Clinton sees huge surplus, would trade tax cuts for drug plan

WASHINGTON - President Clinton projected an astronomical $1.87 trillion budget surplus for the next decade on Monday and asked Republicans to use part of it to swap prescription drugs benefits for a tax cut. Sensing a possible election-year trap, GOP leaders all but scoffed at the proposal.

Barely five months after estimating a 10-year surplus of $746 billion, the economy's relentless growth and the resulting piles of federal revenue let Clinton more than double that figure - all without counting Social Security's own huge surpluses.

It is the non-Social Security part of the surplus that politicians feel free to use for spending or tax cuts. Clinton proposed using the extra money to eliminate the publicly held national debt faster, to augment his proposal to add prescription drug coverage to Medicare and to create a $500 billion kitty for bolstering peoples' retirement plans, new tax cuts or any other purpose.

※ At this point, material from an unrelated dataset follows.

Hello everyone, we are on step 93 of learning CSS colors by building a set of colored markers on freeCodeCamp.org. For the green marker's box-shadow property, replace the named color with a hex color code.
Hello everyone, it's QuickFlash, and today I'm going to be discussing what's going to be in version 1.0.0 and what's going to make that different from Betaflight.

Clinton said he telephoned congressional GOP leaders and asked them to agree to his new 10-year, $253 billion prescription drug plan and consent to using Medicare's surpluses only for debt reduction. In exchange, he said he would accept a reduction in the so-called marriage penalty similar to the 10-year, $248 billion version the Senate Finance Committee has approved.

''These are goals that both parties and all Americans agree on,'' Clinton said in Rose Garden remarks. ''It would be wrong to let politics keep us from seizing the opportunity to achieve them.''

Eliminating the marriage penalty, extra taxes many two-income couples pay over what they would pay if they were single, has been a top GOP priority this year.

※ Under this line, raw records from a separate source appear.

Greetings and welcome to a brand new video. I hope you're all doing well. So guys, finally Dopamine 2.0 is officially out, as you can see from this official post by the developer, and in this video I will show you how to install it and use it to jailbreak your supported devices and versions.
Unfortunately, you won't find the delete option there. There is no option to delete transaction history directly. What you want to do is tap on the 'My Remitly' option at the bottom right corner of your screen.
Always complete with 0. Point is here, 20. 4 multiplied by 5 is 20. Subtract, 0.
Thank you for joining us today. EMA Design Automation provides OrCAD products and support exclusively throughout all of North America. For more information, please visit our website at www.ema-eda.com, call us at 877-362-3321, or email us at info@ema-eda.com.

Even so, the popular appeal of prescription drugs outweighs that of tax cuts. And many Republicans were reluctant to participate in negotiations that Clinton could define as pitting his desire for drug benefits against their drive for a tax cut.

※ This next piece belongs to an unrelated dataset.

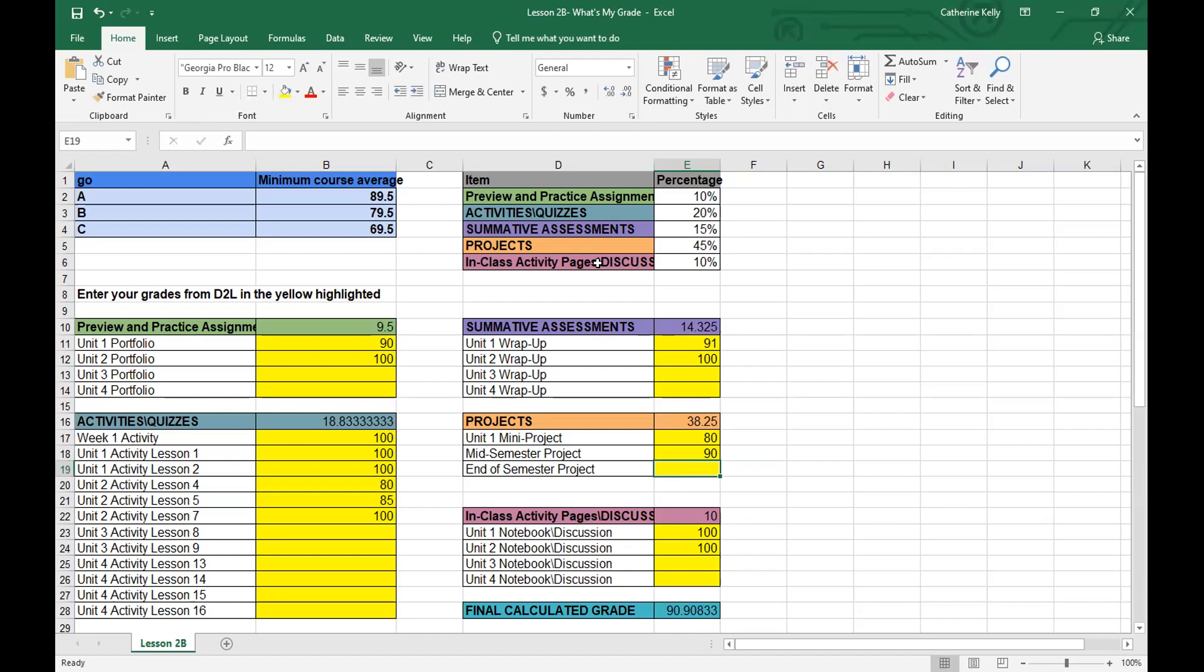So you can play around with the grades, see what you're getting as you're going through the course. And it shouldn't be a surprise. 10% for your preview of practice assignments, 20% for activities and quizzes, 15% for your summative assessments, 45% for your projects, and your in-class activities and discussions are 10%. So I hope this helps. And good luck.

House Speaker Dennis Hastert, R-Ill., pointedly said lawmakers would use ''the regular order'' - the normal legislative process and not high-level talks - for marriage penalty and prescription drug bills.

He said Clinton's new prescription proposal could be so costly ''that it will ultimately bring down the entire Medicare system,'' adding that he hopes Clinton ''resists the temptation to politicize this issue.''

Senate Majority Leader Trent Lott, R-Miss., praised the elements of Clinton's proposed deal but added: ''What I will not do is engage in political horse-trading that gives short shrift to the long-range challenges we face as a nation.''

Unquestionably, the enormous infusion of cash could make it easier for the two parties to cut a budget deal this year because of the sheer amount of available money.

Many Democrats would be tempted to cut a deal involving new drug benefits under Medicare and claim credit for it. And many Republicans would be happy to win tax cuts while removing the failure to enact a prescription drug plan as a club Democrats could use against them.

But many members of both parties are reluctant to resolve issues they could highlight during this fall's election campaigns. Also weakening prospects for a deal are the vast philosophical gaps - the GOP's privately operated prescription proposal versus Clinton's government-run plan - and the mere 40 legislative days left before Congress plans to adjourn for the year.

The new projections allowed Clinton to project an overall surplus, including Social Security, of $4.19 trillion over the next decade, nearly a $1.3 trillion improvement since February.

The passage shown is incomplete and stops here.